As you pull up to the stoplight, the staccato rasp of the open exhaust mingles with blower whine as the fuel-injected mill settles into an easy lope. Even at idle, all 427 inches of blown Gen IV LSX transmit a continuous shock wave of automotive terror through the chassis, steering column, gearshift lever, and floorboard. The car is alive, a brutal extension of your inner beast. Even here in Las Vegas, there's nothing on the road that can remotely touch you, nevertheless, your palms sweat profusely as your hands exert a death grip on the wheel. This '68 Camaro isn't even moving, yet depending on what town you happen to be in, you'd probably be breaking at least a half dozen statutes just by sitting still. It's that good.

At the red light, the other lanes start stacking up with traffic, drivers alternately telegraphing fear, disgust, admiration, and envy your way. The SEMA show has just finished, and a kid with a built Mitsubishi Evo blips the throttle, its wastegate chirping like a sparrow on methamphetamine. You crane your neck to peak around the throbbing mountain of blower poking through the hood, and get a glimpse of the light just as it turns green. Gingerly, you nurse the clutch out, its dual ceramic discs grabbing smartly. You know First gear is a lost cause-even with the sticky Nittos-so you don't even try. Light throttle, and a short shift to Second nets a small chirp, then you feed the beast. It's still useless, so you let off and short shift again to Third.

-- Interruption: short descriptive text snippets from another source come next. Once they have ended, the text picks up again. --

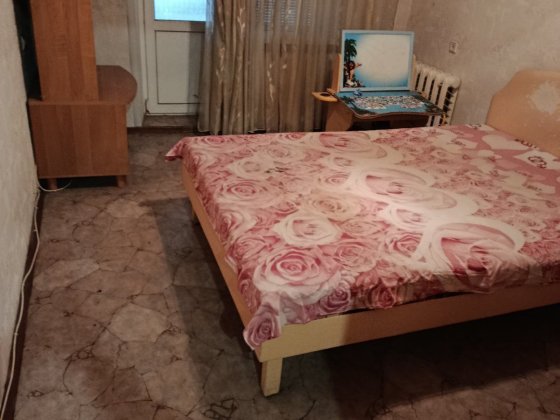 Квартира Краматорск описание , что входит двор , школа.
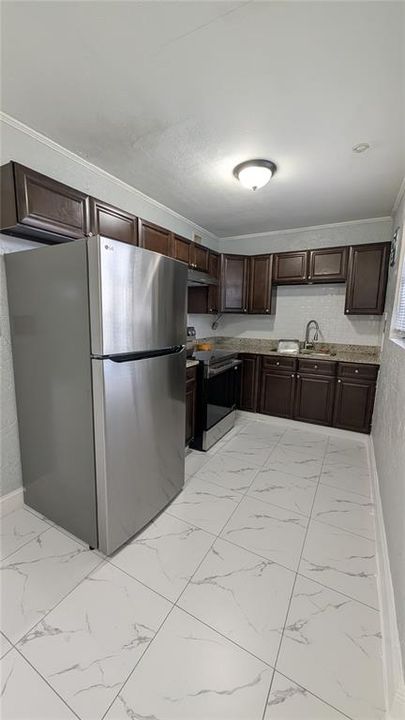 В аренду: $1,950 (3 спален, 1 ванн, 1168 Квадратных фут)
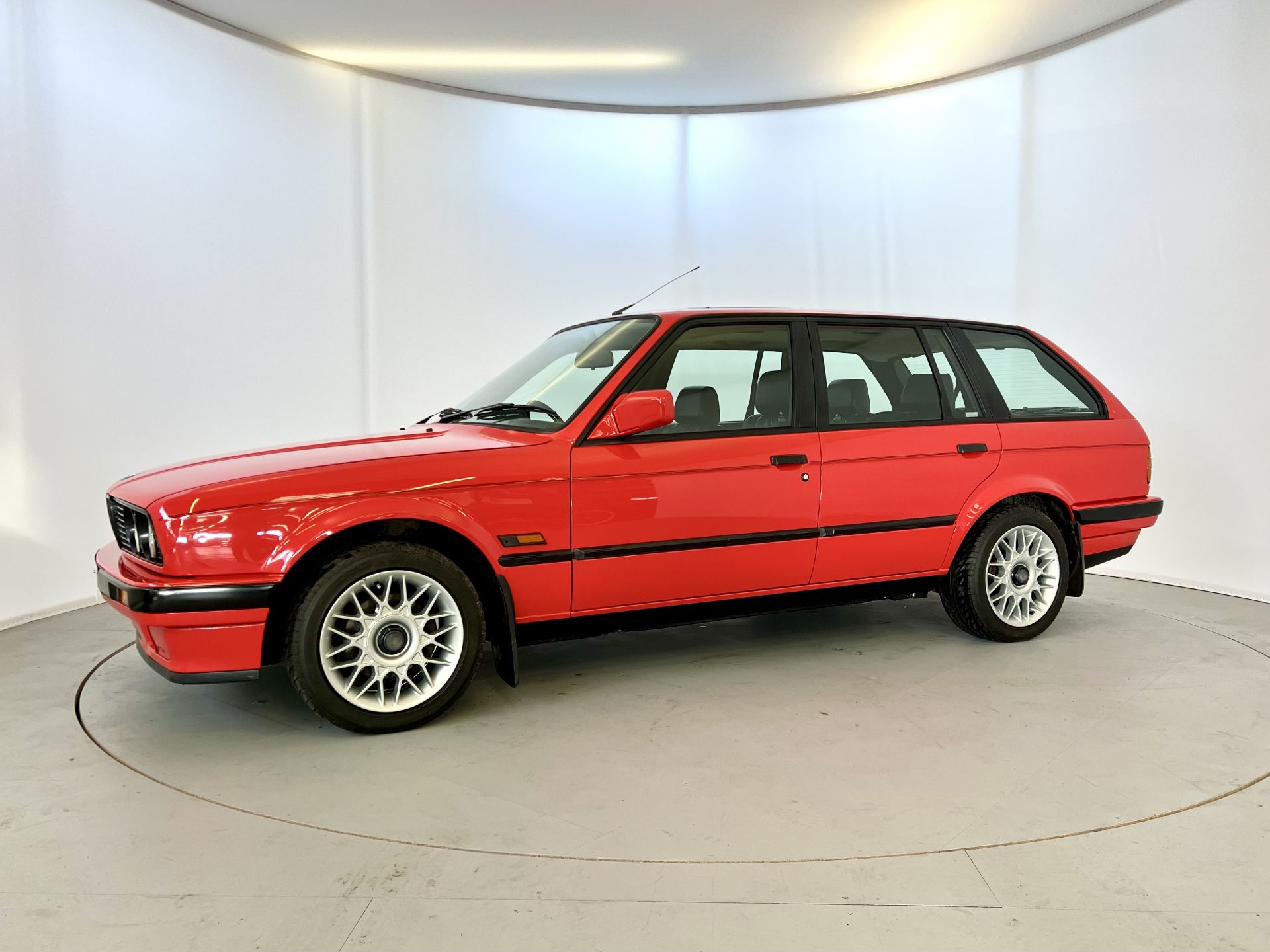 BMW 318 Touring - Image 4 of 37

Out the corner of your eye, you spot the Mitsu, popping, whistling, and farting desperately to catch up. A little smile begins to form at the edges of your mouth as your right foot squeezes past the halfway mark. The banshee wail of the roots blower is now almost completely drowned by the scream issuing from the bright red glasspack side pipes. Suddenly, it's 1968 all over again, and you become one of the few brave pioneers to strap on a Saturn V rocket and ride the lightning into the Ionosphere-or so it feels. The speedo needle climbs precipitously, and just as it passes 80, the rear tires break loose again. If you had the presence of mind to check the rearview, you'd see a retreating Evo obscured by twin vapor trails of rubber, but instead, you crank in a touch of opposite lock to keep it straight. Two blocks away, a dog vomits.

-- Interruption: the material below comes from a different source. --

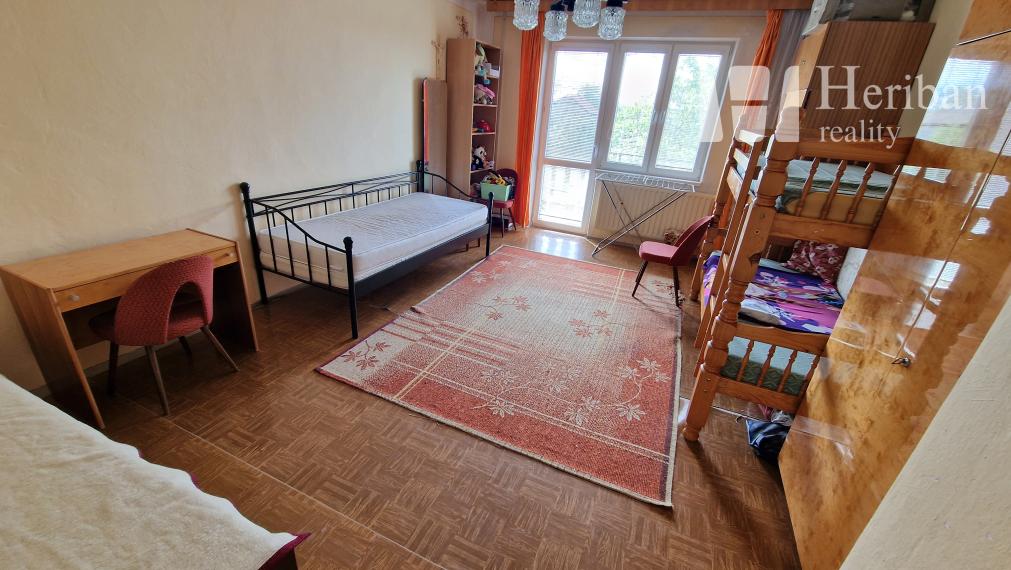 4-izb.rodinný dom s 8,4 árov.pozemkom, Košice-Krásna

Nearing 100, common sense takes over and you slow the red and black beast. This ain't your car-you've still got to spend the next six hours getting photos in the can. That'll be kind of hard if you're trying to make bail. The big Baer brakes confidently tug on the chassis, snugging your seatbelt in a reassuring manner. Negotiating the route back to the parking lot takes you through the neighborhood, so some restraint is in order. You flip the toggle switch below the ignition cylinder, and giant unseen hands muzzle the hounds of hell, redirecting the exhaust through a set of real mufflers and 3-inch over-axle pipes. Stealthy it ain't, but at least now it can pass for legal.